The SFDX URL can be used to authenticate to the Salesforce CLI without needing any JWT Token or using the browser to key in the credential.
In fact it is the easiest way to authenticate through CLI. Let me explain how salesforce CLI authenticates today.
The first time when you log in via the CLI, you go to the salesforce login screen and key in credentials (if you are not using JWT flow. For JWT the certificate takes care of it).
What happens next time when you do a
sfdx force:org:open? It does not ask for the credential and instead, you log in straight.
How does this happens?
Salesforce stores the access token and refreshes token (It got to also has clientId and client secret of the connected app somewhere too) the first time and then uses it for the subsequent requests. You can go to the $HOME directory of your computer and cd into the .sfdx folder to see for every org there will be a .json file having some information which I am sure will be fun for you.

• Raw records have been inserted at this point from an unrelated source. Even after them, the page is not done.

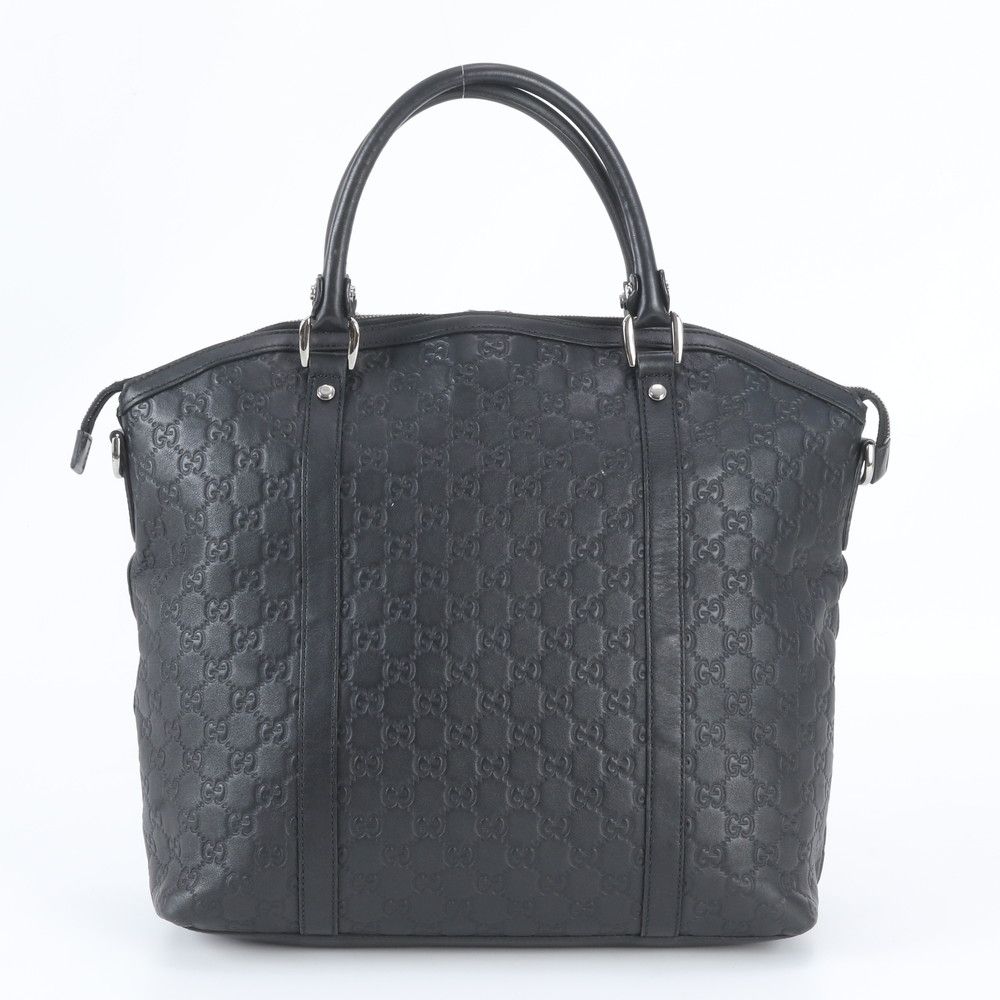 Gucci Guccissima Leather Handbag Tote Black GG — view 3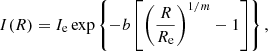 Mathematical equation: $$ \begin{aligned} I(R) = I_{\mathrm{e}} \exp \left\{ -b\left[\left(\frac{R}{R_{\mathrm{e}}}\right)^{1/m}-1\right]\right\} , \end{aligned} $$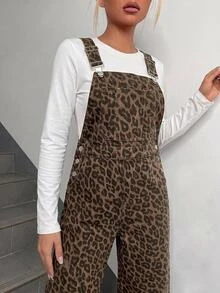 SHEIN Teen Girls Leopard Print Denim Loose Overalls - Multicolor - View 4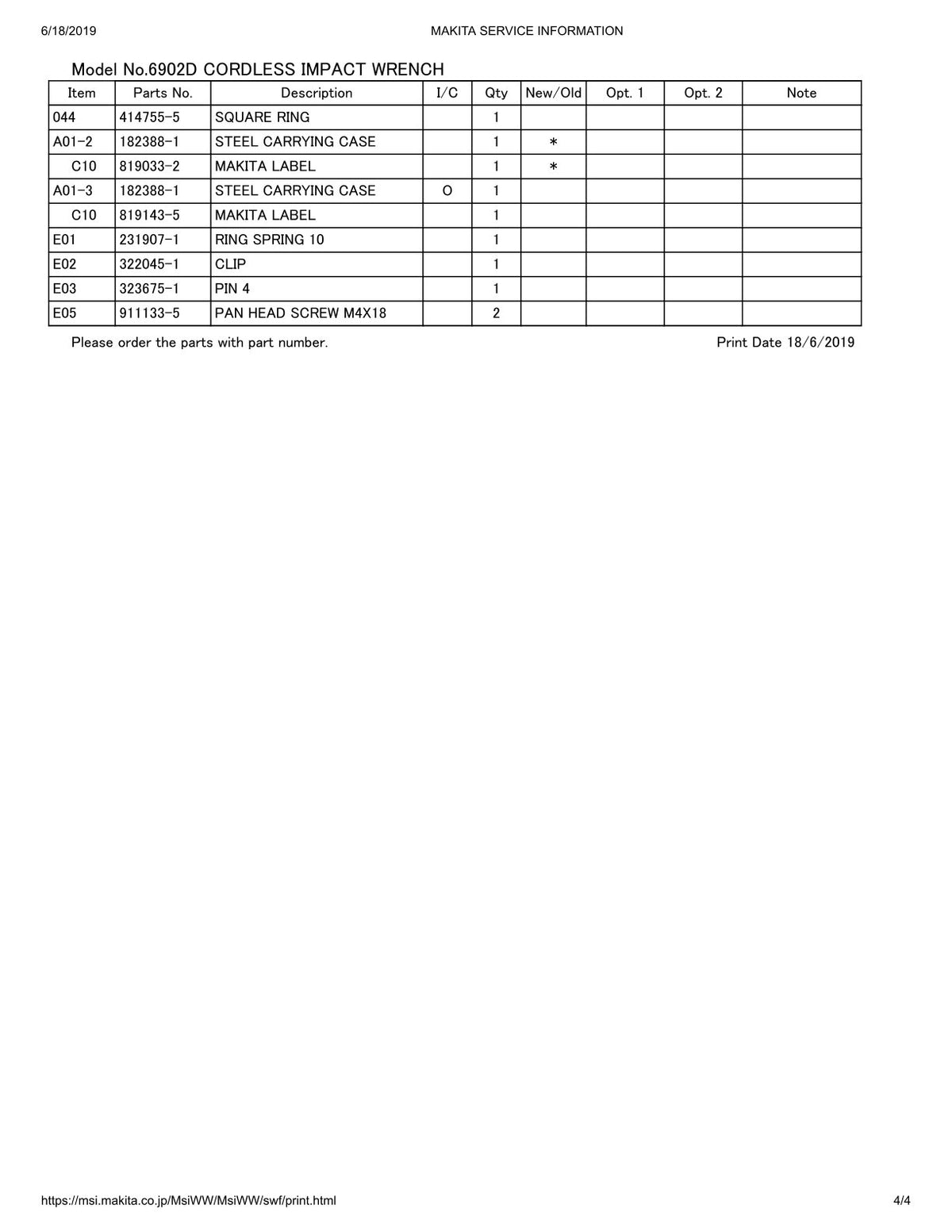 Vue éclatée Makita 6902D - page 4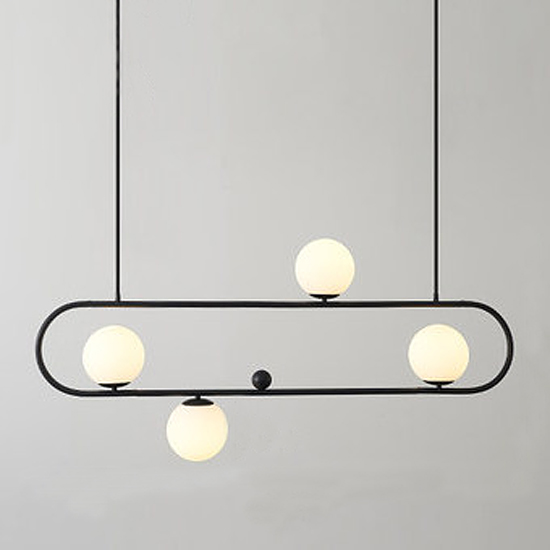 Люстра Horizontal Balls Balance Black 4 Черный Белый Люстра Horizontal Balls Balance Black 4 Черный Белый в Твери | Loft Concept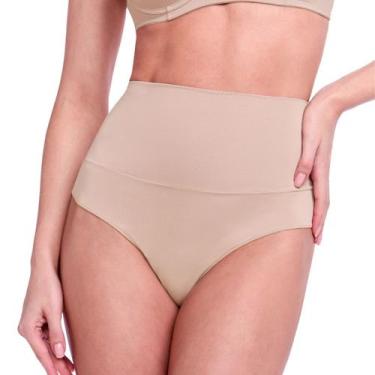 Imagem de Calcinha Modeladora Fio Dental Disfarça Barriga Plie 50315, M, Amêndoa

Use your local computer and authenticate to as many orgs you need to login and note its sfdx url and use it in the CI system without having to worry about JWT tokens and connected app.
CI system (which is headless) can easily log in using an
auth:sfdxurl:store. Look into the docs here for more.
All you have to do in your CI once you have sfdx auth url is
sfdx force:auth:sfdxurl:store -f <file containing sfdx auth url>
You do this using below
echo $SFDXURL_HUB > /tmp/sfdx.url
sfdx force:auth:sfdxurl:store -f /tmp/sfdx.url -a circle_build_$CIRCLE_BUILD_NUM --setdefaultdevhubusername
$SFDXURL_HUB is the environment variable I am assuming to have the sfdx URL
One of the reasons why salesforce does not speak much about this in docs is security. You can shoot yourself in foot with this if you expose the client secret and clientId like that.
So care should be taken to either store this sfdx auth url in an environment variable that cannot be easily reached except for someone with access.
Or use a technique like an open SSL shown here to encrypt it.